### GIVEN ENTRIES
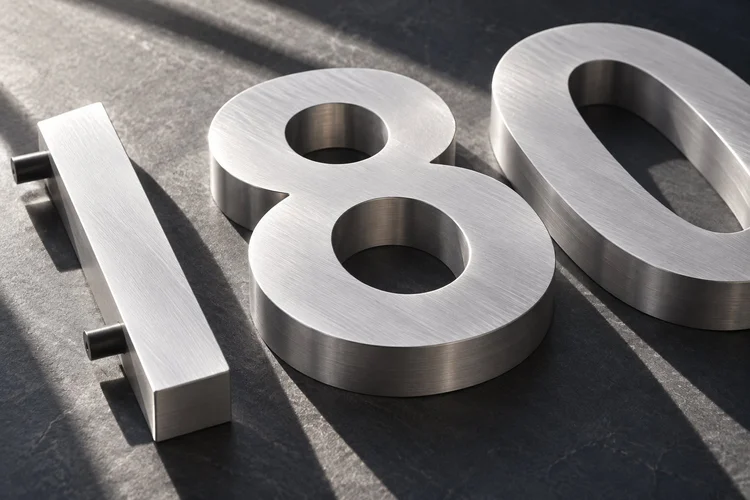 Substantial brushed aluminum building numerals with deep fabricated returns
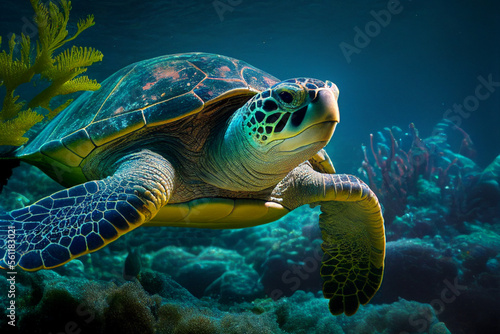 a turtle swimming under the sea With Generative AI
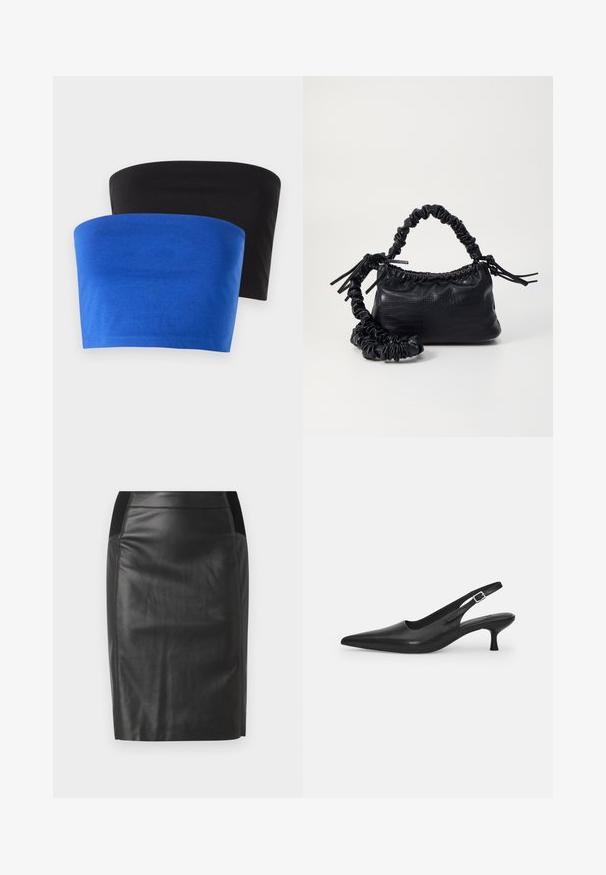 Due top senza spalline, uno blu e uno nero, realizzati in un tessuto morbido. Entrambi presentano un design semplice con bordi puliti e senza dettagli aggiuntivi.; Gonna a tubino nera in pelle con un design aderente, texture liscia e dettagli con elastico sui lati. Orlo piatto nella parte inferiore.; Scarpa slingback nera in pelle con punta affusolata e tacco sottile e curvato. Presenta una discreta fascia regolabile con una fibbia in metallo.; Borsa a tracolla in ecopelle nera con texture a coccodrillo, apertura cinchata e tracolla arricciata. Si presenta con un design morbido e compatto.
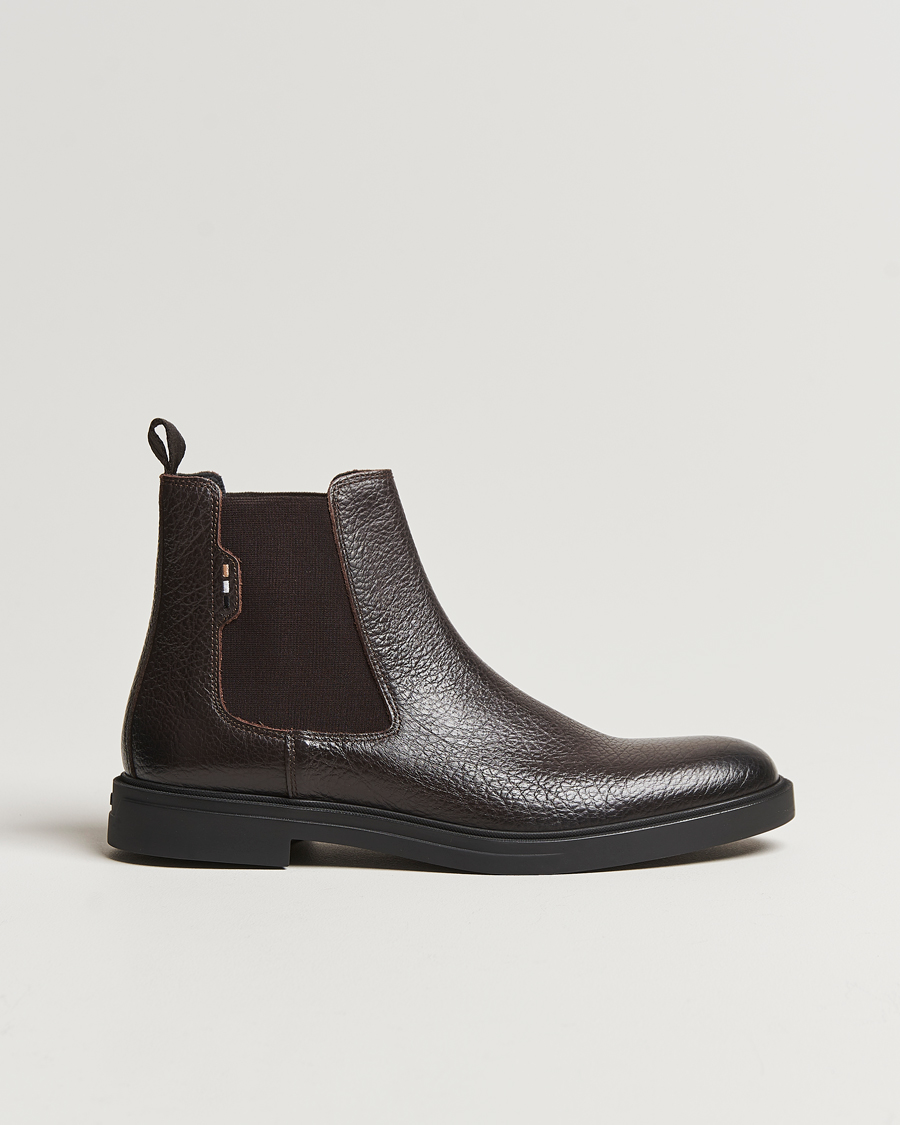 Homme | BOSS BLACK Calev Grained Leather Chelsea Boot Dark Brown | BOSS BLACK | Calev Grained Leather Chelsea Boot Dark Brown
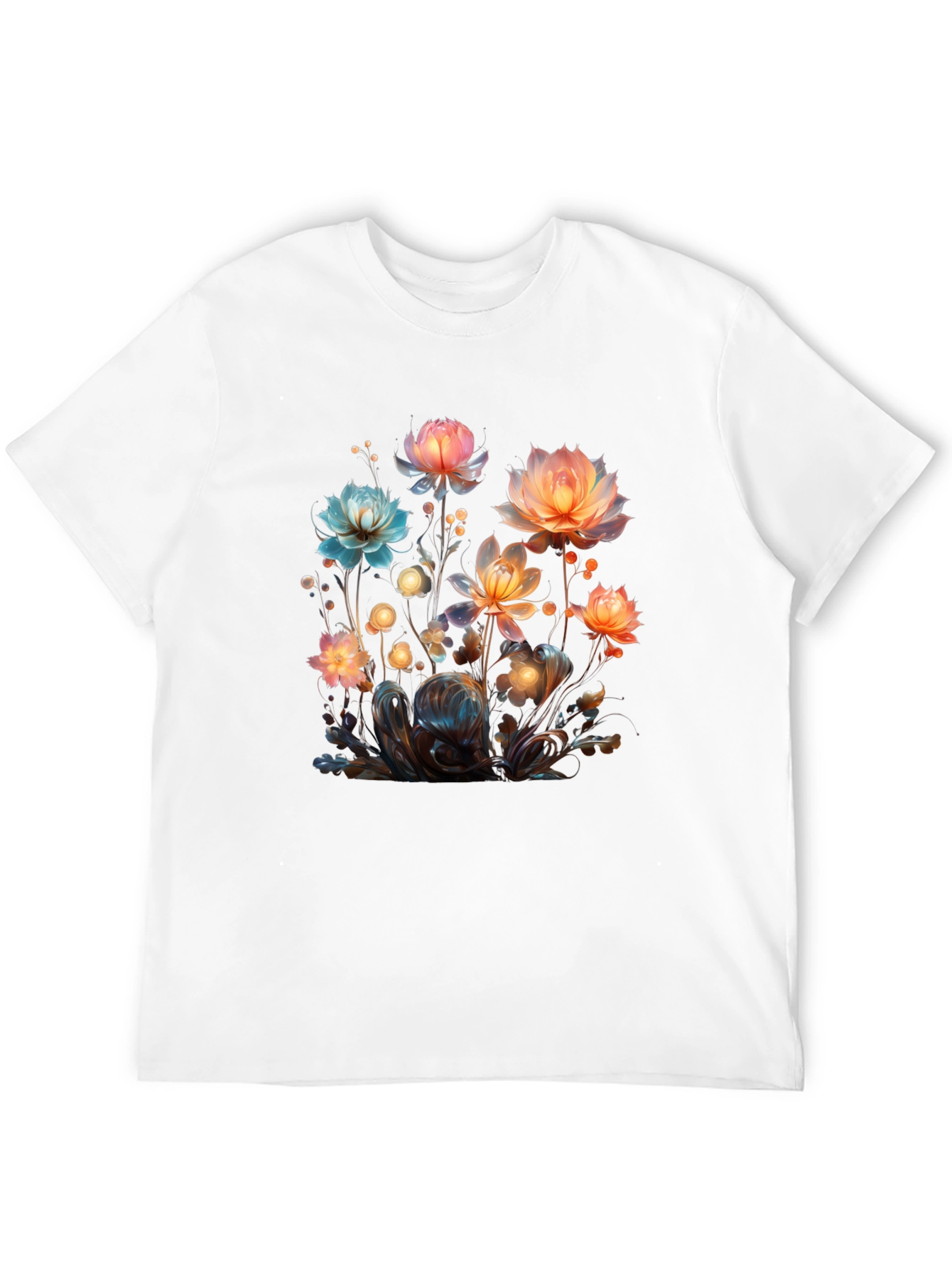 Floral Fantasy Black T-Shirt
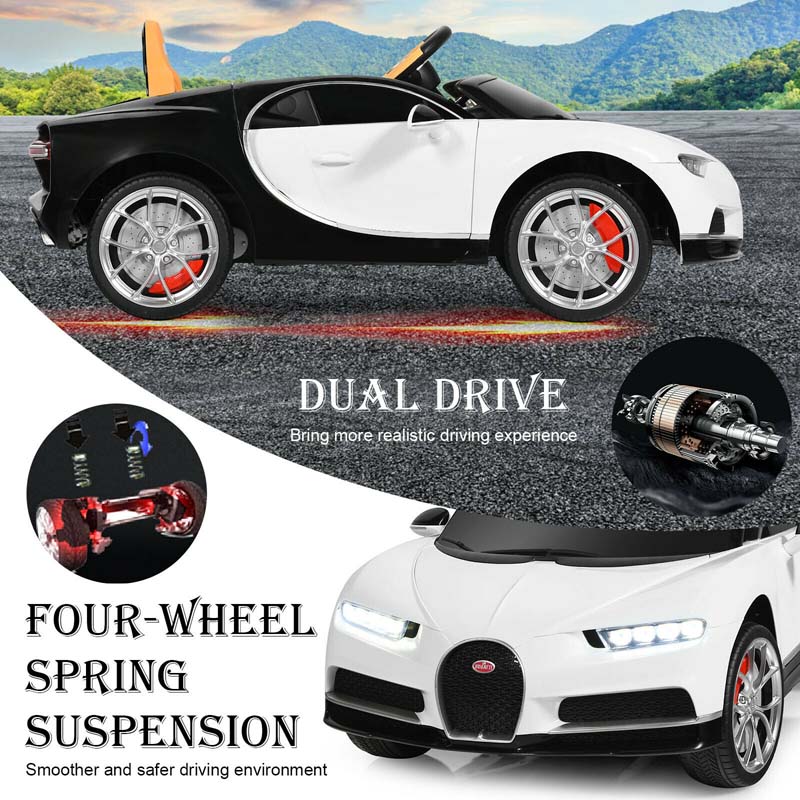 12V Licensed Bugatti Chiron Kids Ride on Car Battery Powered Electric Vehicle with 2.4G Remote Control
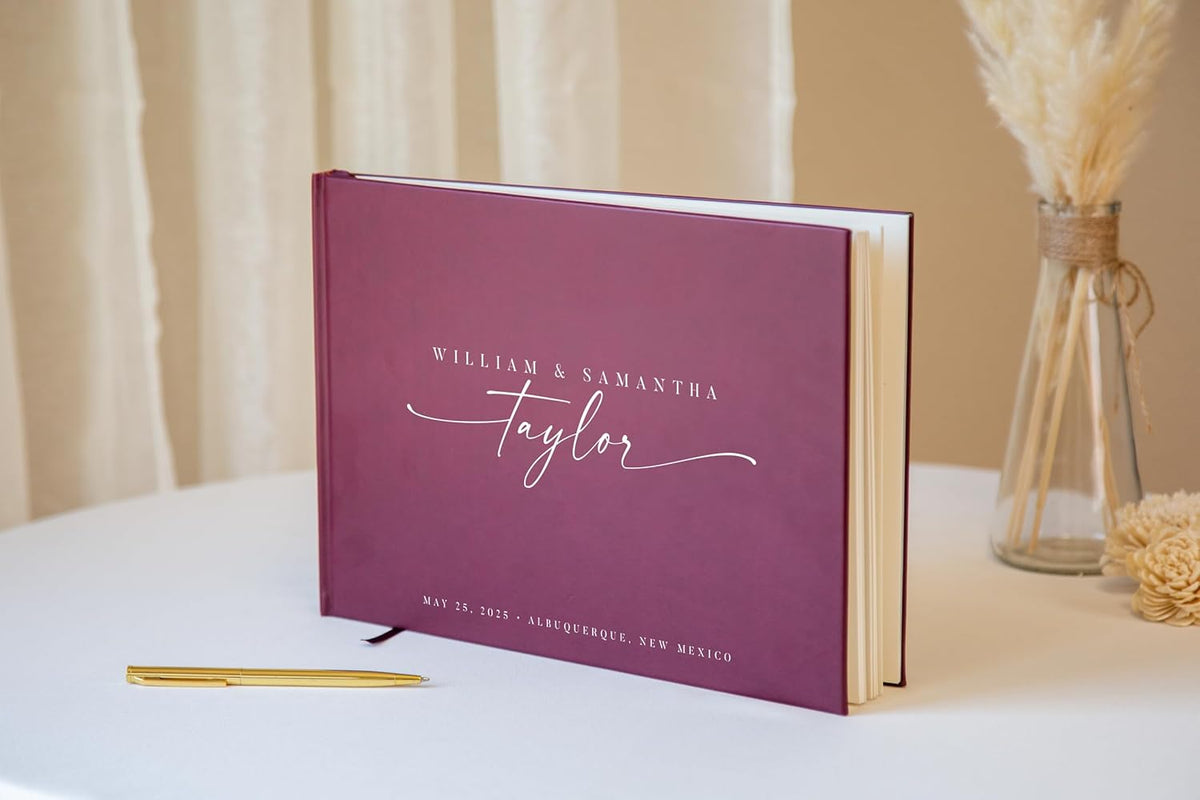 Personalized Guest Book - 11.5" x 8.5" Custom Bride & Groom Names with Bookmark and Hard Cover 140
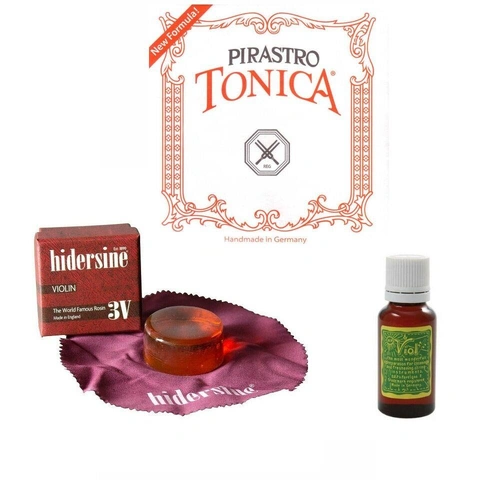 Violin 4/4 Care Pack - Pirastro Strings, Hidersine Rosin Viol Violin Polish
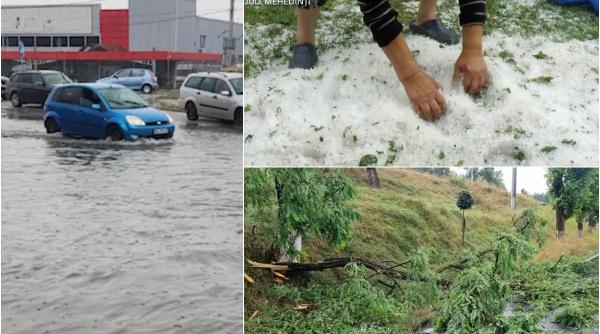 Străzi și case inundate, culturi distruse și copaci rupți de vânt: România a fost măturată de furtuni
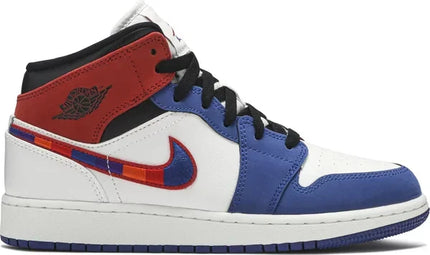 Men's Air Jordan 1 Mid Multicolored Swoosh Shoes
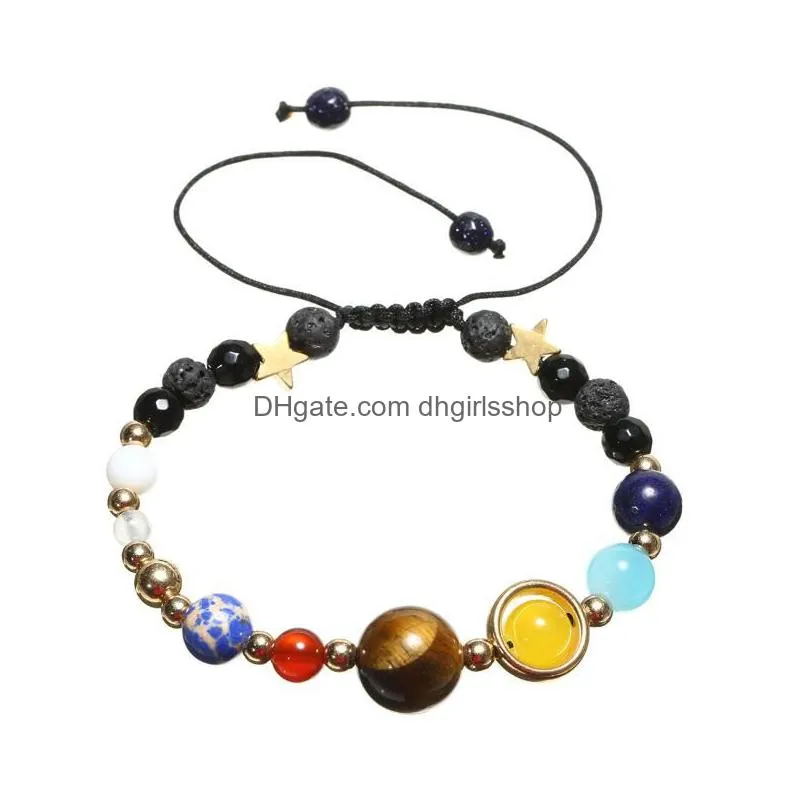 bangle universe planets beads bracelet uni fashion natural solar system energy earth moon braided jewelrybangle lars22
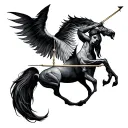 combination of libra and Sagittarius minimalist tattoo tattoo design idea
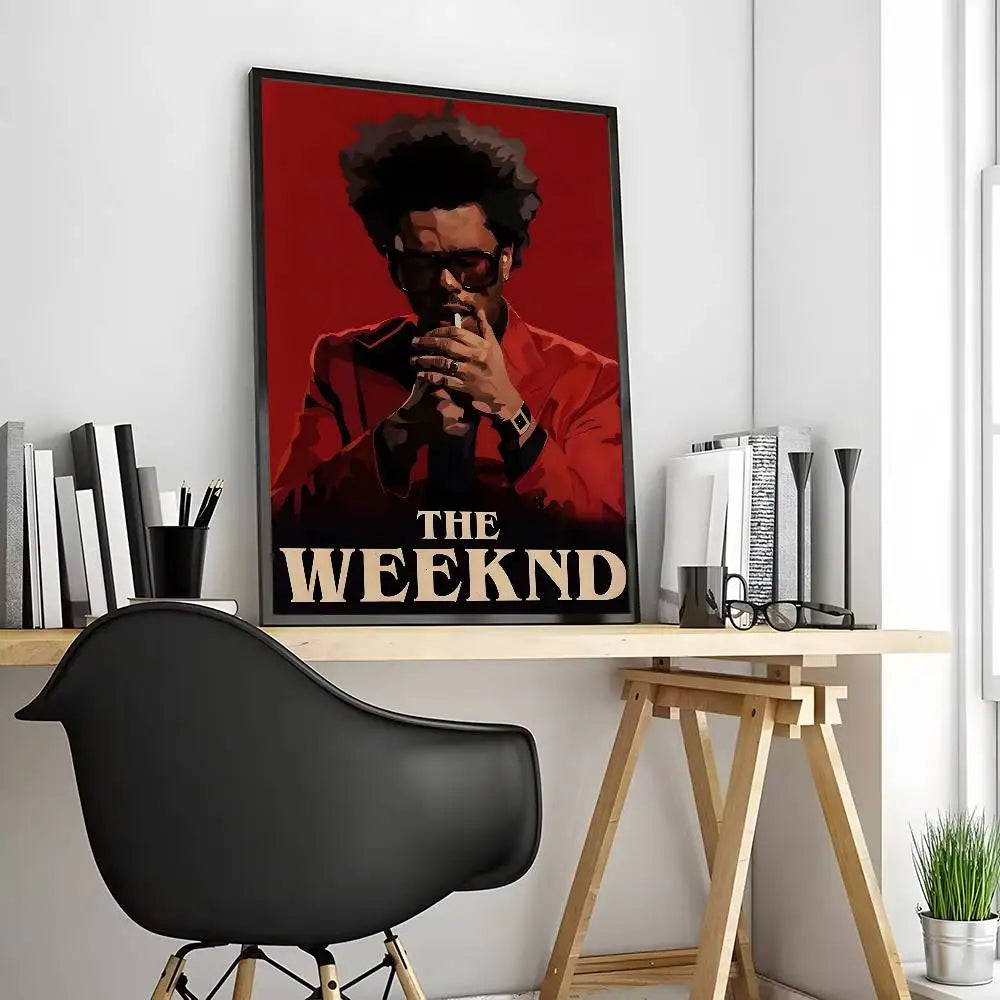 Red framed poster of the weeknd with bold black text, modern graphic for living room wall waterproof decoration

### WHAT YOU HAVE TO DO
Without copying any picture, repeat all of the entries exactly.

### RESULT BELOW
 Substantial brushed aluminum building numerals with deep fabricated returns
 a turtle swimming under the sea With Generative AI
 Due top senza spalline, uno blu e uno nero, realizzati in un tessuto morbido. Entrambi presentano un design semplice con bordi puliti e senza dettagli aggiuntivi.; Gonna a tubino nera in pelle con un design aderente, texture liscia e dettagli con elastico sui lati. Orlo piatto nella parte inferiore.; Scarpa slingback nera in pelle con punta affusolata e tacco sottile e curvato. Presenta una discreta fascia regolabile con una fibbia in metallo.; Borsa a tracolla in ecopelle nera con texture a coccodrillo, apertura cinchata e tracolla arricciata. Si presenta con un design morbido e compatto.
 Homme | BOSS BLACK Calev Grained Leather Chelsea Boot Dark Brown | BOSS BLACK | Calev Grained Leather Chelsea Boot Dark Brown
 Floral Fantasy Black T-Shirt
 12V Licensed Bugatti Chiron Kids Ride on Car Battery Powered Electric Vehicle with 2.4G Remote Control
 Personalized Guest Book - 11.5" x 8.5" Custom Bride & Groom Names with Bookmark and Hard Cover 140
 Violin 4/4 Care Pack - Pirastro Strings, Hidersine Rosin Viol Violin Polish
 Străzi și case inundate, culturi distruse și copaci rupți de vânt: România a fost măturată de furtuni
 Men's Air Jordan 1 Mid Multicolored Swoosh Shoes
 bangle universe planets beads bracelet uni fashion natural solar system energy earth moon braided jewelrybangle lars22
 combination of libra and Sagittarius minimalist tattoo tattoo design idea
 Red framed poster of the weeknd with bold black text, modern graphic for living room wall waterproof decoration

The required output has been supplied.